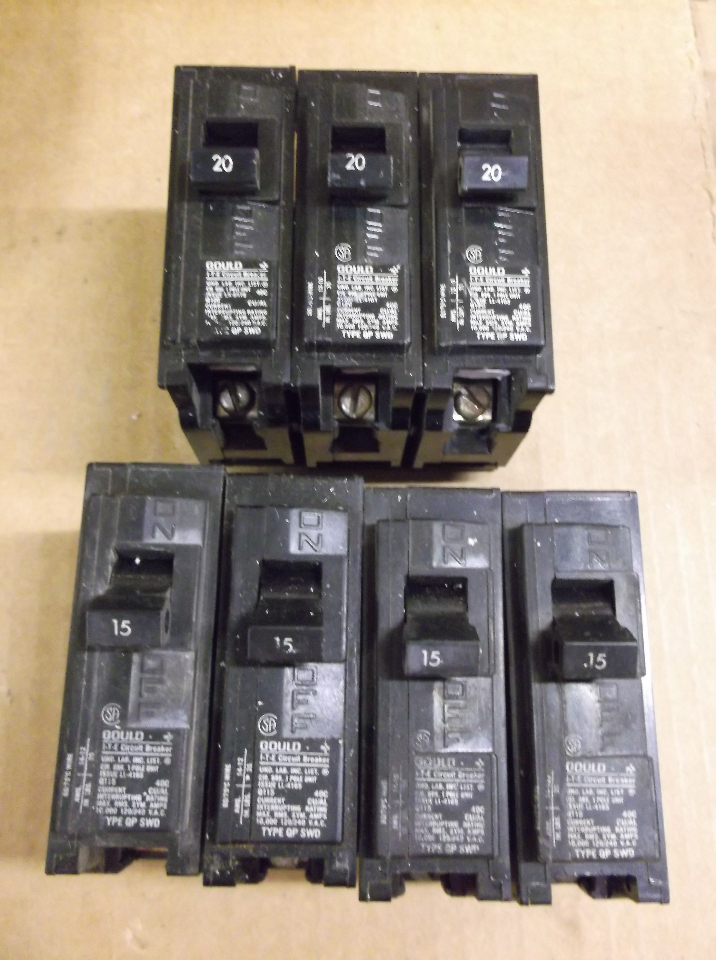 Lot of 15 Circuit Breakers Square D, Siemens and Gould | Daves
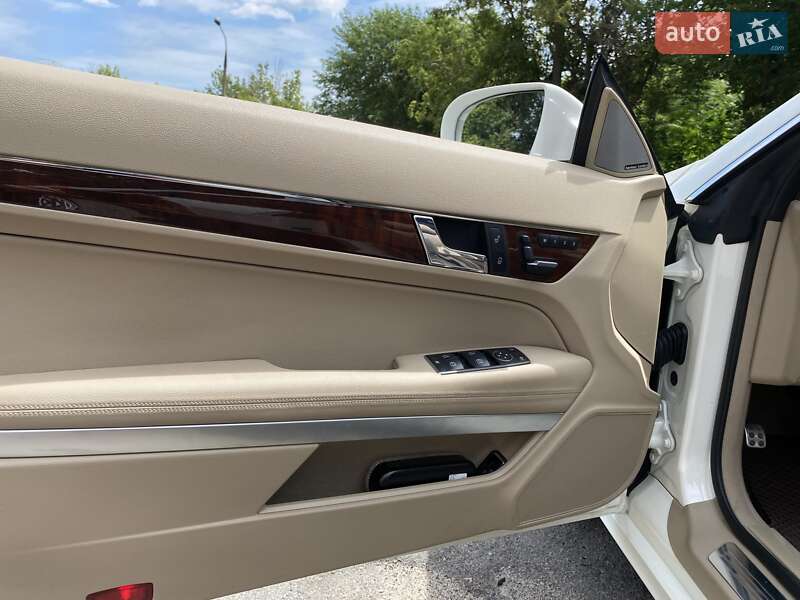 Mercedes-Benz E-Class 2010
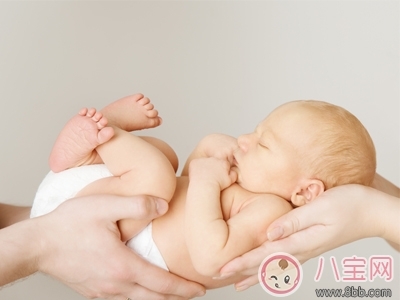 新生儿拉肚子什么原因引起的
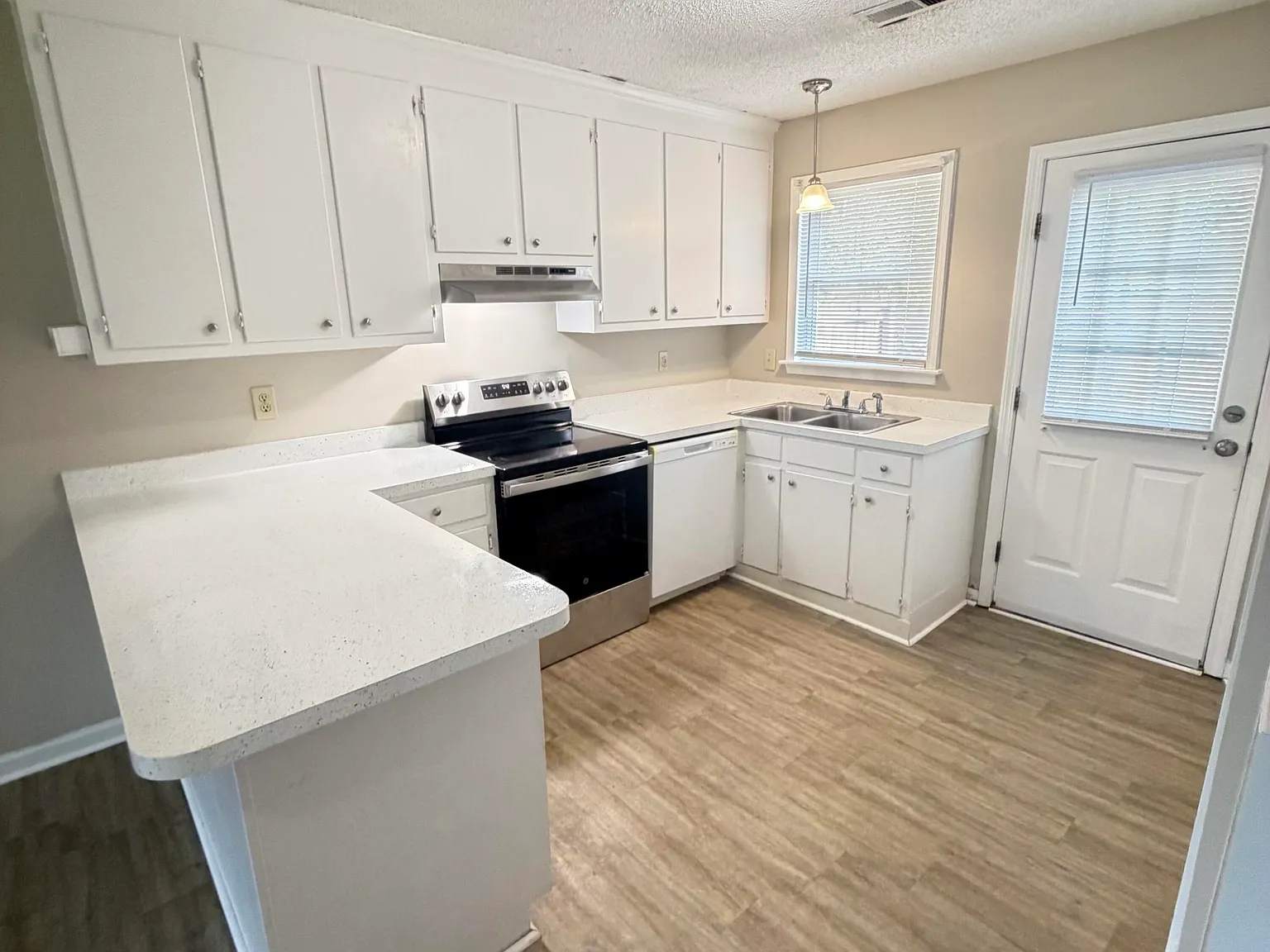 2 bed, 1.0 bath, $1,025 — Photo 3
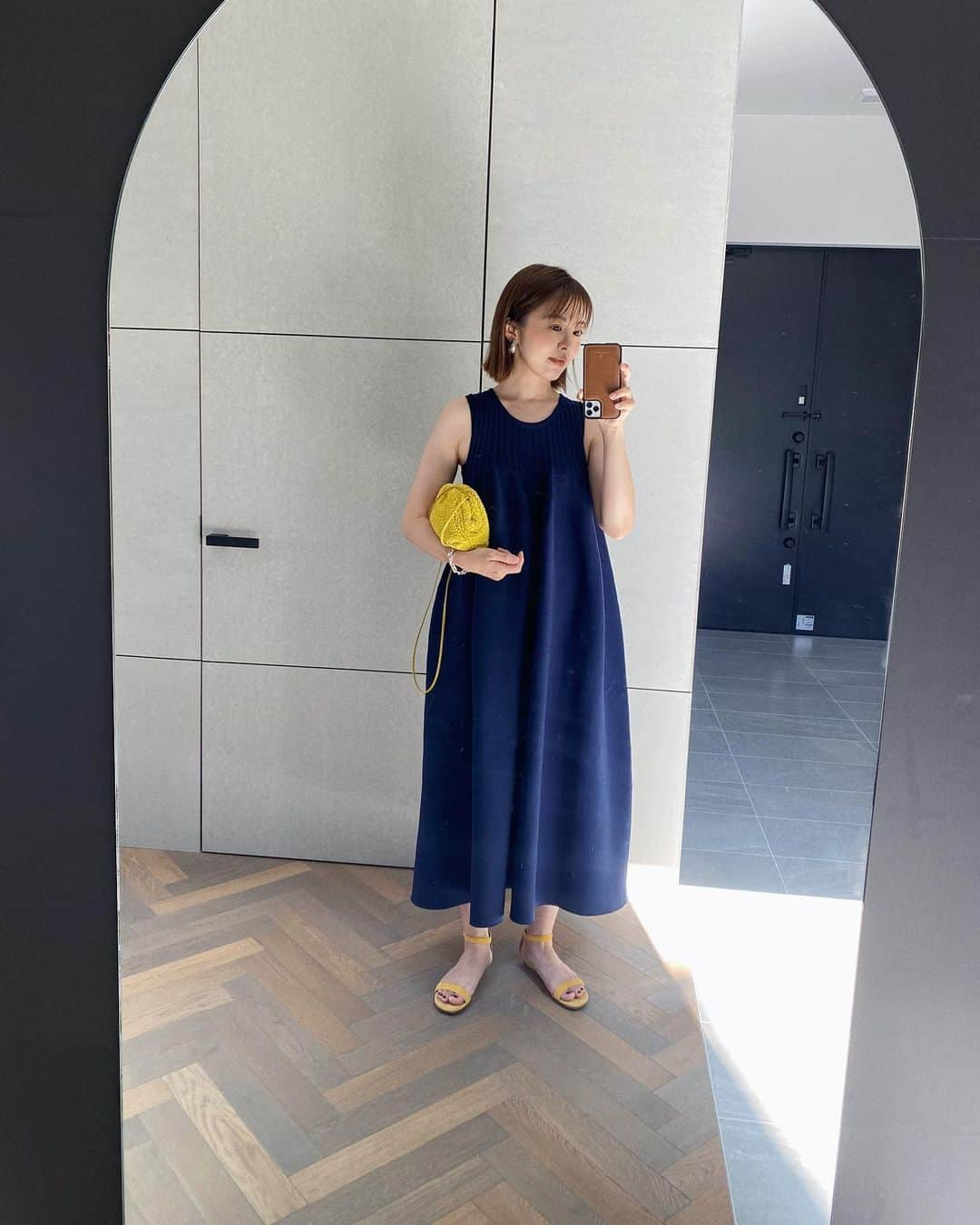 野崎玲欧奈のインスタグラム：「ＯＵＴＦＩＴ  🌻💙」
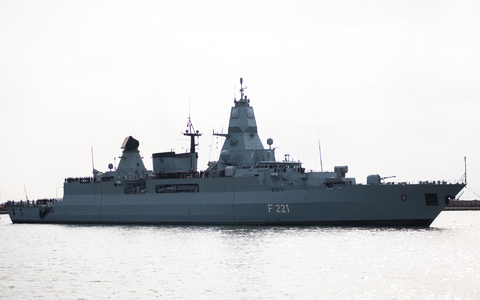 Die Bundeswehr könnte sich mit der Fregatte Hessen an der Militäroperation zur Sicherung der Handelsschifffahrt im Roten Meer beteiligen. - Foto: Mohssen Assanimoghaddam/dpa Die Bundeswehr könnte sich mit der Fregatte Hessen an der Militäroperation zur Sicherung der Handelsschifffahrt im Roten Meer beteiligen. - Foto: Mohssen Assanimoghaddam/dpa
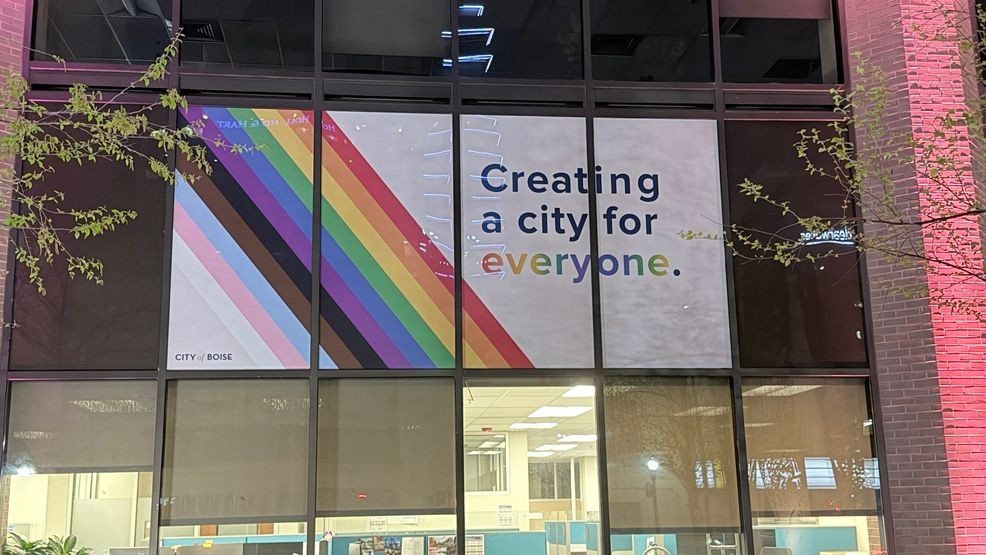 Boise replaces pride flag with signs and lights outside City Hall after ...
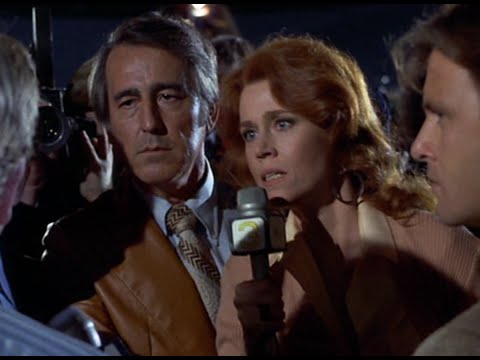 Reporter Kimberly Wells (Jane Fonda) powers through in the aftermath of The China Syndrome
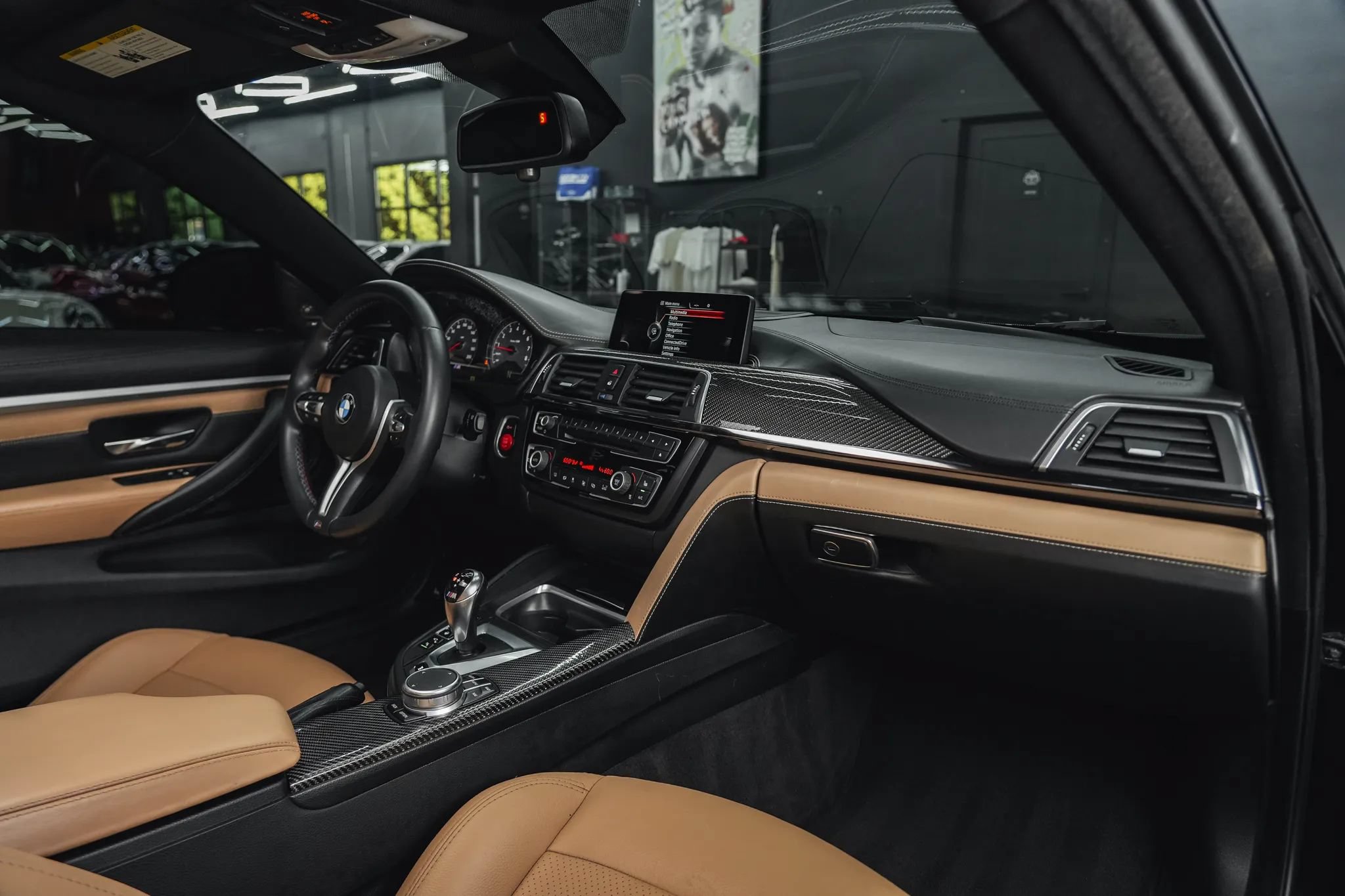 Used 2015 BMW M4 Coupe w/ Executive Package RWD image 43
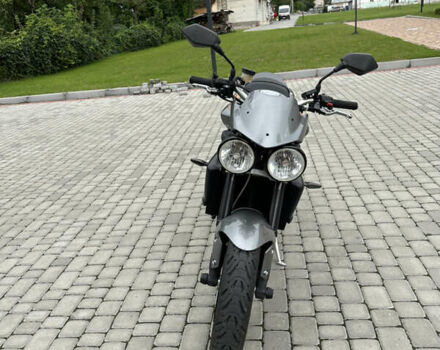 Сірий Тріумф Street Triple 675, об'ємом двигуна 0.68 л та пробігом 25 тис. км за 6800 $, фото 3 на Automoto.ua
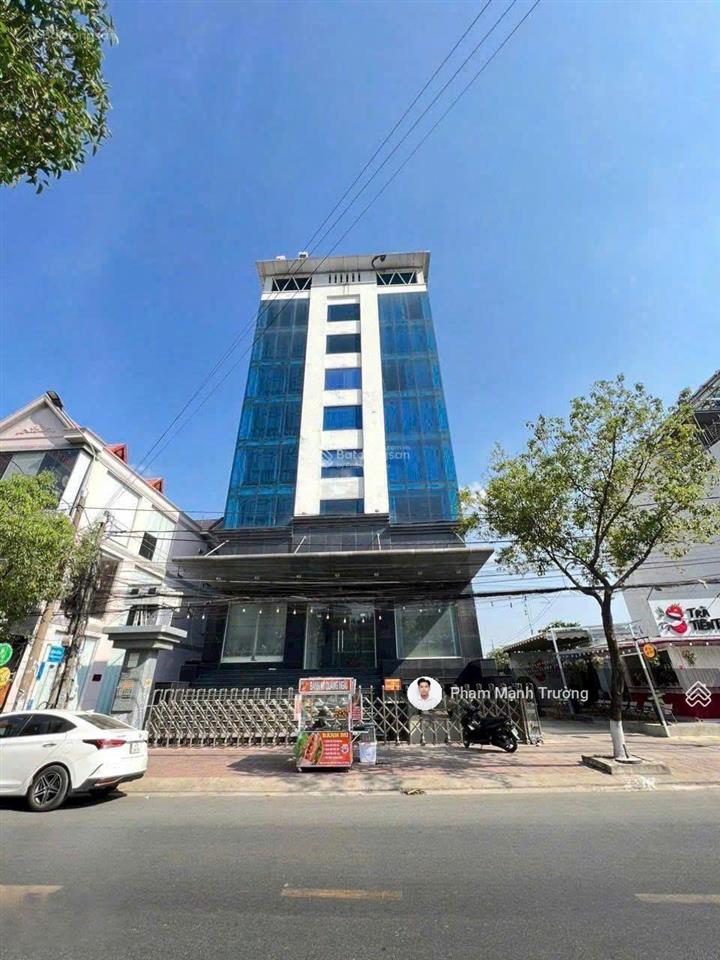 Tòa nhà văn phòng  số 228 pasteur q3 | 9x24m | hầm 8 tầng | hđt 250 triệu / tháng |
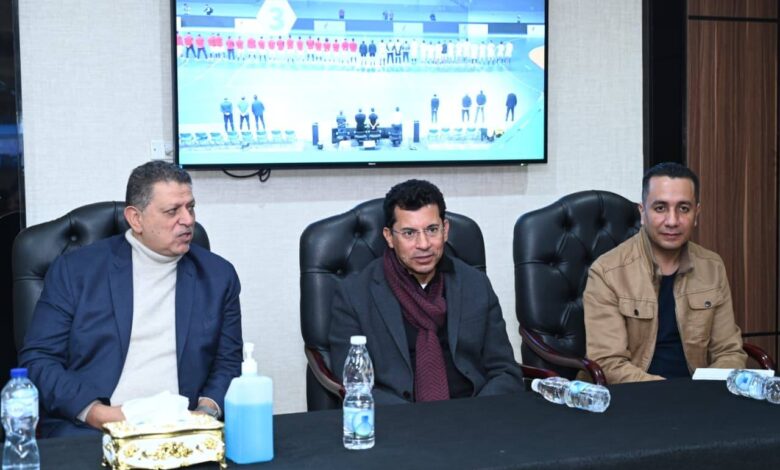 استعدادًا لأمم أفريقيا لليد 2026..وزير الشباب والرياضة يلتقي منتخب مصر قبل المشاركة في بطولة إسبانيا الدولية 1 605402874 1437176471786102 6184192310910517525 n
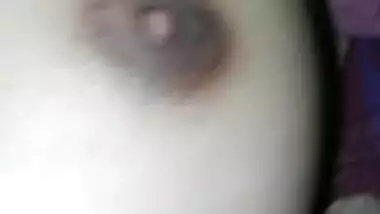 चुदाई से आदमी ने चूत में बनाया कुआं!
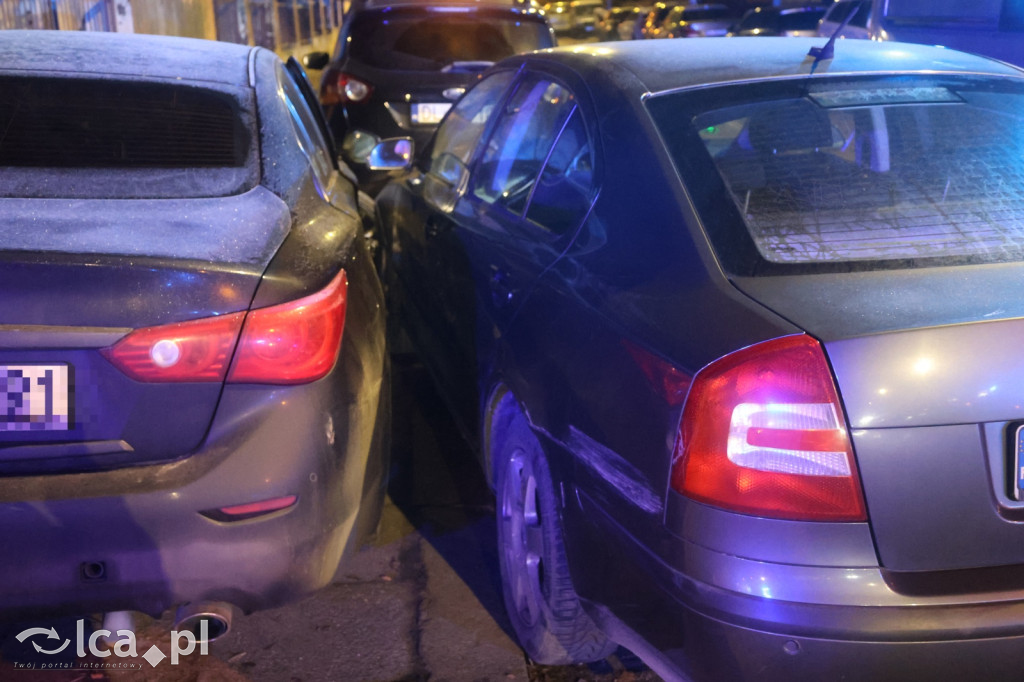 Skoda rozbita na skrzyżowaniu. Kierowca ranny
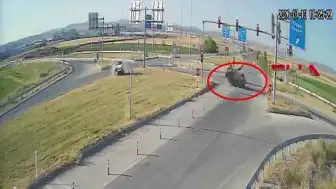 Çorum'da Kavşakta İki Araç Çarpıştı: 6 Yaralı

--*--

▶ _TASK PROMPT_: Retype every entry above exactly, leaving out the pictures.

▶ _ANSWER BELOW_:
 Lot of 15 Circuit Breakers Square D, Siemens and Gould | Daves
 Mercedes-Benz E-Class 2010
 新生儿拉肚子什么原因引起的
 2 bed, 1.0 bath, $1,025 — Photo 3
 野崎玲欧奈のインスタグラム：「ＯＵＴＦＩＴ  🌻💙」
 Die Bundeswehr könnte sich mit der Fregatte Hessen an der Militäroperation zur Sicherung der Handelsschifffahrt im Roten Meer beteiligen. - Foto: Mohssen Assanimoghaddam/dpa Die Bundeswehr könnte sich mit der Fregatte Hessen an der Militäroperation zur Sicherung der Handelsschifffahrt im Roten Meer beteiligen. - Foto: Mohssen Assanimoghaddam/dpa
 Boise replaces pride flag with signs and lights outside City Hall after ...
 Reporter Kimberly Wells (Jane Fonda) powers through in the aftermath of The China Syndrome
 Used 2015 BMW M4 Coupe w/ Executive Package RWD image 43
 Сірий Тріумф Street Triple 675, об'ємом двигуна 0.68 л та пробігом 25 тис. км за 6800 $, фото 3 на Automoto.ua
 Tòa nhà văn phòng  số 228 pasteur q3 | 9x24m | hầm 8 tầng | hđt 250 triệu / tháng |
 استعدادًا لأمم أفريقيا لليد 2026..وزير الشباب والرياضة يلتقي منتخب مصر قبل المشاركة في بطولة إسبانيا الدولية 1 605402874 1437176471786102 6184192310910517525 n
 चुदाई से आदमी ने चूत में बनाया कुआं!
 Skoda rozbita na skrzyżowaniu. Kierowca ranny
 Çorum'da Kavşakta İki Araç Çarpıştı: 6 Yaralı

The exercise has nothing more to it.